_Material for the task:_
==================================================

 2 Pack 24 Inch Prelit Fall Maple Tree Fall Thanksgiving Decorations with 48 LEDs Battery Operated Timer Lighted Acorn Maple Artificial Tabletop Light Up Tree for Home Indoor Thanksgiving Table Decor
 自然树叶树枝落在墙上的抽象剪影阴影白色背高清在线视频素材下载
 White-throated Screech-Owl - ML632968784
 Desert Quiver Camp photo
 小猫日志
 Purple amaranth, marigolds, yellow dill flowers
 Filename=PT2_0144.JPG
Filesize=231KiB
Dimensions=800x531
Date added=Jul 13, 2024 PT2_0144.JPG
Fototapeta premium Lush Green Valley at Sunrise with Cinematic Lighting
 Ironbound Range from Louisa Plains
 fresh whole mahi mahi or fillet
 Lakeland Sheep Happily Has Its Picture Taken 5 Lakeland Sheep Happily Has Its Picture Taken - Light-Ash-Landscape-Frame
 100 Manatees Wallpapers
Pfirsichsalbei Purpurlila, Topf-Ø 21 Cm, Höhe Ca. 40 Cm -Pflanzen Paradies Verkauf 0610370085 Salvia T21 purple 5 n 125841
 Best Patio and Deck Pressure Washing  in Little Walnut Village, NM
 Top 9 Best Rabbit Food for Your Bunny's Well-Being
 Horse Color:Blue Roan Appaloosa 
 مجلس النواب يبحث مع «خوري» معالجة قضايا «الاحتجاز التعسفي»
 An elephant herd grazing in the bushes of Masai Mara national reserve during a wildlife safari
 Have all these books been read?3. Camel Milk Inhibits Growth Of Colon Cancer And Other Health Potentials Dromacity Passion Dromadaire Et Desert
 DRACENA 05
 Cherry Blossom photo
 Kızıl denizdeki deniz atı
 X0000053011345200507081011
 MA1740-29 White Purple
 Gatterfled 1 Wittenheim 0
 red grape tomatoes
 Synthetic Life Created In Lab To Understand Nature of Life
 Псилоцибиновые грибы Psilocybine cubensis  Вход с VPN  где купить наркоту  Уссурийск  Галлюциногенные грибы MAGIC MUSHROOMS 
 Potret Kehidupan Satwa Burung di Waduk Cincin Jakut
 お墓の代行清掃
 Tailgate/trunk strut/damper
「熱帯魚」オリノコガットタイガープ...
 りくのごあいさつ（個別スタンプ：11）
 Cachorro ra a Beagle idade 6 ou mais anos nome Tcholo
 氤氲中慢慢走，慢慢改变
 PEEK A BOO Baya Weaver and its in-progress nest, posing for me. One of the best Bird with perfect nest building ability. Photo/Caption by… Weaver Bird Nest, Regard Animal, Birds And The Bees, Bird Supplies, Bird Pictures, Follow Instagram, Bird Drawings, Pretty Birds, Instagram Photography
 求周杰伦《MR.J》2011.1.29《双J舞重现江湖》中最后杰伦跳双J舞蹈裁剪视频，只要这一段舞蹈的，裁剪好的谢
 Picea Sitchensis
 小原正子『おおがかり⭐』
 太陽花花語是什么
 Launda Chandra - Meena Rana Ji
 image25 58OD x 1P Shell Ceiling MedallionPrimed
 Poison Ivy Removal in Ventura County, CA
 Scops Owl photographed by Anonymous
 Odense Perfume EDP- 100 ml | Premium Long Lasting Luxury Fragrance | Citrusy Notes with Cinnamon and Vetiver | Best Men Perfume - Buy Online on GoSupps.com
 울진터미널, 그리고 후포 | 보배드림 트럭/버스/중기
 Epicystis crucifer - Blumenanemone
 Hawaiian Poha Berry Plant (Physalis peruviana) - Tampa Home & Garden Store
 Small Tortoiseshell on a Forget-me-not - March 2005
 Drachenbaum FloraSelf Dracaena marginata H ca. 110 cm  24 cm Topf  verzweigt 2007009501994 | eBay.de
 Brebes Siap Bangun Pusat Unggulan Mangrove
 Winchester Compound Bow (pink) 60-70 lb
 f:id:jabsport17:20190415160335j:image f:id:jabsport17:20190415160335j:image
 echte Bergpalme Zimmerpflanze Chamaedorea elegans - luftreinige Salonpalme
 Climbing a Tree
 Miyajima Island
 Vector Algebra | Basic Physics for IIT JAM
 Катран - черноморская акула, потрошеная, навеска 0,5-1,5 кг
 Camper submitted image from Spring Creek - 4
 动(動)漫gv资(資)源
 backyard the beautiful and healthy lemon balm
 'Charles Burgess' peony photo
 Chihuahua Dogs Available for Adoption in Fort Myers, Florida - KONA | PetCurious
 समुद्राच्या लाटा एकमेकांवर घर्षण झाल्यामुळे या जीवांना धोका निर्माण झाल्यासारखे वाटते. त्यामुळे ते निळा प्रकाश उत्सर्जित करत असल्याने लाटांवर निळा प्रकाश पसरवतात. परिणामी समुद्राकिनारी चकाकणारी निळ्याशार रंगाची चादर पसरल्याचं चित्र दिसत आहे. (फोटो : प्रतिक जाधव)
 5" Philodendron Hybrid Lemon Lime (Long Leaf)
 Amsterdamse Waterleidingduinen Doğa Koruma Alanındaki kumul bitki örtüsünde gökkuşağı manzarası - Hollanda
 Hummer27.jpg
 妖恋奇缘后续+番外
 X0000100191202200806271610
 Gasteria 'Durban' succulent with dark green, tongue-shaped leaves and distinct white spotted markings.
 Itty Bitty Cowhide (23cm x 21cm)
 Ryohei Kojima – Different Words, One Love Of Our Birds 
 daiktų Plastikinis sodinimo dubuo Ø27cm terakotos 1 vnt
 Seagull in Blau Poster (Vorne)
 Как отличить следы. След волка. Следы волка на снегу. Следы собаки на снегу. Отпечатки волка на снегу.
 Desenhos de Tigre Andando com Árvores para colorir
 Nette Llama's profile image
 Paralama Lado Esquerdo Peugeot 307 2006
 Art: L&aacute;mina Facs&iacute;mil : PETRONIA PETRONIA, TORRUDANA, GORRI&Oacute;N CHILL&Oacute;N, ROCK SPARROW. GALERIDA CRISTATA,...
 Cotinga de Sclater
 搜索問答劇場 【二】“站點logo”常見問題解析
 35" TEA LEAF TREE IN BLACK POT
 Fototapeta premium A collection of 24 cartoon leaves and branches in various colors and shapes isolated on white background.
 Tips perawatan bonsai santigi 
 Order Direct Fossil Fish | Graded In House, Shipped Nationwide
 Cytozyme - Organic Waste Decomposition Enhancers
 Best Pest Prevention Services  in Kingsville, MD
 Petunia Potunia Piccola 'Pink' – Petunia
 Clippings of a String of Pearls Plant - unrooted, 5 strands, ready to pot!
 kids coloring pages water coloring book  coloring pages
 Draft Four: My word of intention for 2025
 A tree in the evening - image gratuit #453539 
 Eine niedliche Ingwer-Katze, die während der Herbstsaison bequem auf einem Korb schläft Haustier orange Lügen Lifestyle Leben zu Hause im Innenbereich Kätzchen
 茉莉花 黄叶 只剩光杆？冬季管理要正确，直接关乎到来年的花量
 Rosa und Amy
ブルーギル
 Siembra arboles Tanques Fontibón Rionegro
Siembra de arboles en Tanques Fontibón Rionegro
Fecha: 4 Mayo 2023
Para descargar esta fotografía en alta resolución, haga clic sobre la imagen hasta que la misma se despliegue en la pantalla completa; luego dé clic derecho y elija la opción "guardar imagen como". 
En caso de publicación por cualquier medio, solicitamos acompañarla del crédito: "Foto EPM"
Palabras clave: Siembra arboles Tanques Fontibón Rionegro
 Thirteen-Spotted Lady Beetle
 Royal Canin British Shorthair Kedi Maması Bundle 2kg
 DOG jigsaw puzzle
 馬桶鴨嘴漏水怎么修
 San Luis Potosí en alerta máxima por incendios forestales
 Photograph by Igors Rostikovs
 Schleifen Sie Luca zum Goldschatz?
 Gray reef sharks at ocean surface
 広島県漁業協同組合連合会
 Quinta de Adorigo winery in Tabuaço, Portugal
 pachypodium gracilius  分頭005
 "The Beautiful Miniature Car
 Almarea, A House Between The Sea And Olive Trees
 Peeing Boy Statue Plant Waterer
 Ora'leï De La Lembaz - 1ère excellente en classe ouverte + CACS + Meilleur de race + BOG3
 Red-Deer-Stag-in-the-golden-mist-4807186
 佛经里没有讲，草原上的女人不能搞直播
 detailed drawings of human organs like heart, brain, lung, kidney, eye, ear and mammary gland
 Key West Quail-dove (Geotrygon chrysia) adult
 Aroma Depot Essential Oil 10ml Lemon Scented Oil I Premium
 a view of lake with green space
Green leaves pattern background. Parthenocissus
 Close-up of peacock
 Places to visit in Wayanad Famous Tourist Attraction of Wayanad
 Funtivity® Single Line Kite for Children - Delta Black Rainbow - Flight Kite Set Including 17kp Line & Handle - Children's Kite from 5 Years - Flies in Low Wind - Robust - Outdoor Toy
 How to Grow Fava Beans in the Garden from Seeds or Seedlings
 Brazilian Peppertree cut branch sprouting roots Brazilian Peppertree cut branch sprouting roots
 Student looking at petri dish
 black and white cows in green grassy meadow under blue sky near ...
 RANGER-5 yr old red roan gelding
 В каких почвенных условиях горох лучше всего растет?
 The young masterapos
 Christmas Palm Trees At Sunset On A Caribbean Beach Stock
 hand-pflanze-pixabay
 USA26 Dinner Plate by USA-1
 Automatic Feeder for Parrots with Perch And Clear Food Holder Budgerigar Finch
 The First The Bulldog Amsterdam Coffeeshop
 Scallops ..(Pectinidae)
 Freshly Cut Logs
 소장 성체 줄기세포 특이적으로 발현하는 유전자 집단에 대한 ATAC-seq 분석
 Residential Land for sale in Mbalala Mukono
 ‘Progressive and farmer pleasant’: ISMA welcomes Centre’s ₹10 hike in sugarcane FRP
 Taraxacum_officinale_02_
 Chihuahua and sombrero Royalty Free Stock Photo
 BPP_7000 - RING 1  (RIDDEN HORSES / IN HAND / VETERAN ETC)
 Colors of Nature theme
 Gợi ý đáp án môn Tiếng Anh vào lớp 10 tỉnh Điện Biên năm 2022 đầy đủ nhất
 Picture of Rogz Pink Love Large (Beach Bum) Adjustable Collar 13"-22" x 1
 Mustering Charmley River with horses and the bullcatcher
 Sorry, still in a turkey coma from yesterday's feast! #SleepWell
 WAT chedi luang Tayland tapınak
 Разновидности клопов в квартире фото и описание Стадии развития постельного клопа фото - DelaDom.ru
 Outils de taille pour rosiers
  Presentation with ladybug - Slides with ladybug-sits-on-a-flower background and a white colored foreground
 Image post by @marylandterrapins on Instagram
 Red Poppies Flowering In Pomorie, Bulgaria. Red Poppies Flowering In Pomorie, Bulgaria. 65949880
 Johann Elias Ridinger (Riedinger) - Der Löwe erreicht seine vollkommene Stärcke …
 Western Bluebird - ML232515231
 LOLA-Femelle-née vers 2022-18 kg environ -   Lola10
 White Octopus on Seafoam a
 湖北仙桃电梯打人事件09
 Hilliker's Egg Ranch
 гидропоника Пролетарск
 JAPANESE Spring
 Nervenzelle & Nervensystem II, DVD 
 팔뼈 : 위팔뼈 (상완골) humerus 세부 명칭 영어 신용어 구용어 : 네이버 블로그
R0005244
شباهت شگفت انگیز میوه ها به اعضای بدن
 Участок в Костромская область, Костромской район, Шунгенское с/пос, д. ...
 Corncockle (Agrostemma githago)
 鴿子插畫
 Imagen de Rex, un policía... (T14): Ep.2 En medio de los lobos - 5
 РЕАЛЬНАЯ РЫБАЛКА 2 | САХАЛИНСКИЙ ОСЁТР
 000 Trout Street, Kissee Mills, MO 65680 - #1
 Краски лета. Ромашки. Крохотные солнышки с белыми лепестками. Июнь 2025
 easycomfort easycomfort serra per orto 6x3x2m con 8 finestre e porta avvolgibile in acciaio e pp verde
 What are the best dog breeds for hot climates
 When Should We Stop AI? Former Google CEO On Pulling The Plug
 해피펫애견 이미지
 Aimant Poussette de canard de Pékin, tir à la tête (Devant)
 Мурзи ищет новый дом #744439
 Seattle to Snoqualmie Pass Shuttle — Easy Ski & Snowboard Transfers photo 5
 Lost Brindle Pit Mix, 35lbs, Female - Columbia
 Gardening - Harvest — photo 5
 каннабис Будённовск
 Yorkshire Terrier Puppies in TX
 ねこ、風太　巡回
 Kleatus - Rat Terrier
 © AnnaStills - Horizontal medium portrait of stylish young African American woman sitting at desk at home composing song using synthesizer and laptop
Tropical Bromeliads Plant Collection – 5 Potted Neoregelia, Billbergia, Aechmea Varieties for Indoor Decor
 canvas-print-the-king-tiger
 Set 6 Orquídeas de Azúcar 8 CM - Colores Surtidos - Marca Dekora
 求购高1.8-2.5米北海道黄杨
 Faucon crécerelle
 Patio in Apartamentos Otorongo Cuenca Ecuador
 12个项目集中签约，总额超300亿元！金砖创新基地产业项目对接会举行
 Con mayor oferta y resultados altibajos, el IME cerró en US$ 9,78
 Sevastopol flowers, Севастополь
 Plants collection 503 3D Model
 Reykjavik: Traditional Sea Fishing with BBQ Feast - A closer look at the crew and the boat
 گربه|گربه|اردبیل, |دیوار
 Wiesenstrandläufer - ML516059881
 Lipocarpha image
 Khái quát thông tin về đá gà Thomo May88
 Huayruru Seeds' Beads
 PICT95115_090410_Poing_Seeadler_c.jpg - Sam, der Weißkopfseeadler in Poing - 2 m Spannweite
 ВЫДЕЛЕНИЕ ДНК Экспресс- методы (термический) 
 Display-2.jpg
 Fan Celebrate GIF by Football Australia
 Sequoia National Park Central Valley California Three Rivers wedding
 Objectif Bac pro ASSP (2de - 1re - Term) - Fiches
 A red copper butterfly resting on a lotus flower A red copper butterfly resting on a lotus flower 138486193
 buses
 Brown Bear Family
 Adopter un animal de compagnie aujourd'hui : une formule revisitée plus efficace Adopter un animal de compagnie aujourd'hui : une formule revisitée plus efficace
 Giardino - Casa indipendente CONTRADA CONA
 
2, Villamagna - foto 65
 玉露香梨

==================================================

_What the task requires:_
Reproduce exactly the lines above from the line with "求购高1.8-2.5米北海道黄杨" to the line with "Brown Bear Family", including both, and add nothing.

_Task answer:_
 求购高1.8-2.5米北海道黄杨
 Faucon crécerelle
 Patio in Apartamentos Otorongo Cuenca Ecuador
 12个项目集中签约，总额超300亿元！金砖创新基地产业项目对接会举行
 Con mayor oferta y resultados altibajos, el IME cerró en US$ 9,78
 Sevastopol flowers, Севастополь
 Plants collection 503 3D Model
 Reykjavik: Traditional Sea Fishing with BBQ Feast - A closer look at the crew and the boat
 گربه|گربه|اردبیل, |دیوار
 Wiesenstrandläufer - ML516059881
 Lipocarpha image
 Khái quát thông tin về đá gà Thomo May88
 Huayruru Seeds' Beads
 PICT95115_090410_Poing_Seeadler_c.jpg - Sam, der Weißkopfseeadler in Poing - 2 m Spannweite
 ВЫДЕЛЕНИЕ ДНК Экспресс- методы (термический) 
 Display-2.jpg
 Fan Celebrate GIF by Football Australia
 Sequoia National Park Central Valley California Three Rivers wedding
 Objectif Bac pro ASSP (2de - 1re - Term) - Fiches
 A red copper butterfly resting on a lotus flower A red copper butterfly resting on a lotus flower 138486193
 buses
 Brown Bear Family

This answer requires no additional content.